Nigeria and Nigerians, not just the Muslims stand to gain from this banking practice, if they don't even kill it with the "Nigerian factor," so soon after takeoff, as is everything Nigerian. At the end of the day everyone still has a choice to choose where they prefer to bank: If you prefer to go to Oceanic, UBA or Unity bank and borrow to finance your business at 40% interest rate, you are free to do so; If I prefer "Boko haram" bank which offers me loan at zilch interest rate to do my business, I will jump at it and don't care what the name of the "god" of the MD of that bank is: Orisa, Ndichie, Chineke, Allah, Yahweh or Jehovah, Shivar, Krishna, Ganesh, Lakshimi or whatever your mumbo jumbo religious god or deity is.

Please let's separate religion from business, and even politics. At the end of the day we should think of the economic benefit and the overall interest of Nigeria. That is the difference between the developed world and the so-called derisively called 'Third-World' countries like Nigeria where our leadership pander to emotions, sentiments, greed and selfish interest. A UK leader would think how can this concept benefit my country? Whereas the Nigerian would think how will it benefit my church, my brother or even how much kickback I can get from it or never! We should be thinking more of how much new jobs this banking system will create; how much more productivity will it engender and all the attendant multiplier effects than whether 'Muslims want to convert my people,' or North want to Islamize Nigeria? We should be doing things that unite us more rather than divisive ranting and fear of our neighbours.

When the CBN governor appeared before the Senate Committee on Banking headed by Senator Nkechi Nwogu, the matter on cash limits and withdrawals which the CBN want to take effect from June 1, 2012 was another matter they demanded explanation on apart from the 'Islamic banking' issue discussed above.

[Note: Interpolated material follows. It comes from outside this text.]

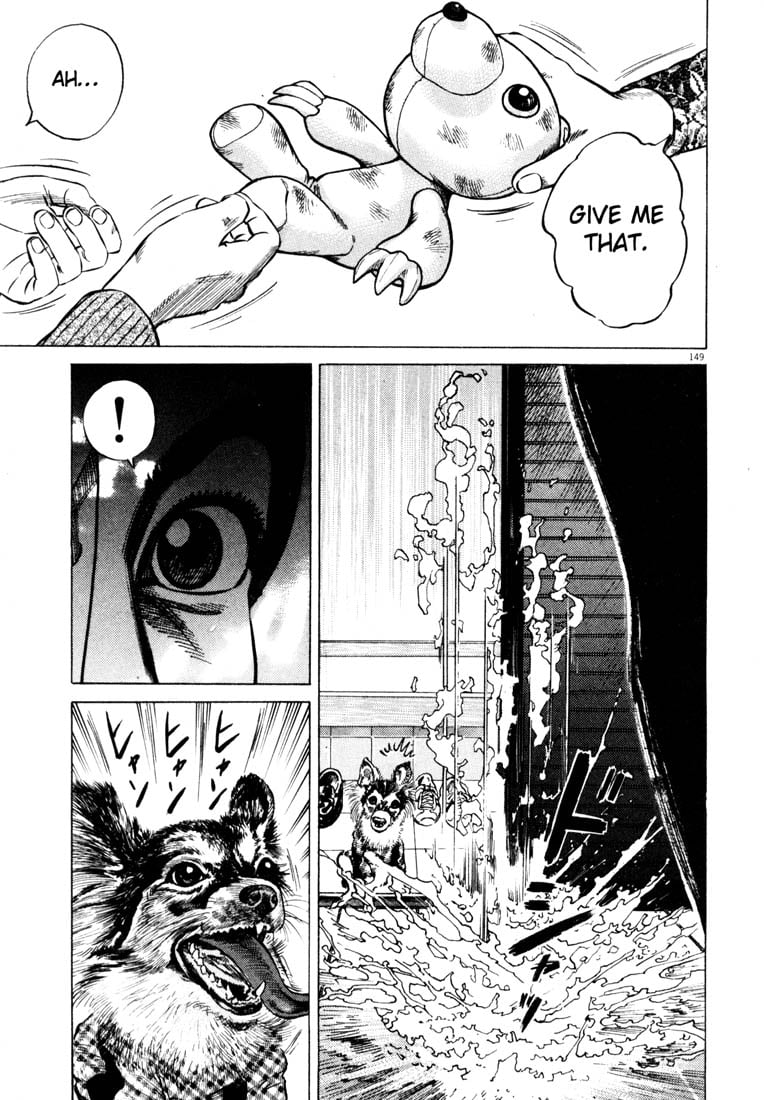 Page 150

Whilst I endorse the Islamic banking, I have my reservation for the 'Cash withdrawals limit of N150.000 and N1 million respectively, for individuals and corporate organizations.

I agree with most of the reasons why the CBN wanted this policy, including checks on Money laundering, Corruption and the 'Ghana must go' cash and carry culture giving the courts and police difficult task of prosecuting and producing evidence of large bribe takings by public office holders, but we must show caution and realize the under developed, largely cash based economy which we practice and operate under. Even the UK and US, where there are so many payment systems, including Debit and Credit cards, Cheque guarantee payment schemes, Store cards, ATMs and On-line/BACS transfer payment system with a larger percentage of educated and IT literate citizens, a cash limit on withdrawals are never imposed. In the UK where I live, you can withdraw any amount from your bank account, so long as you have that amount in credit with the bank. All that is required for large sums withdrawal of say £2,000 or above is that you are required to bring in some form of photo identification like Passport or Driving License. You are not forced to withdraw less by any law that I know. I hope laziness of the Central bank regulators are not forcing this policy that will create more problems than solving, on hapless Nigerians.

With the heavy inflation and still running with a collapsing Naira exchange rate how much can N150,000 buy you or you now want individuals, building a house for example, to be going to his/her bank Monday to Friday to collect N750,000 when he needed N800,000 to pay for Roofing materials from Onitsha or Alaba in Lagos. What a disaster of a policy! For God's sake Nigeria is still a very primitive economy, where no one wants your 'spring' (bouncing) cheques, not to talk of card payments. What would you do in the villages where the old illiterate farmer and trader can't even handle a cheque not to talk of Card and Computer on-line payments? Nigeria just cannot operate cash-less economy, yet so please shelve this idea or at worst increase the cash withdrawal limit to N300, 000 for individuals and N2million to Corporations.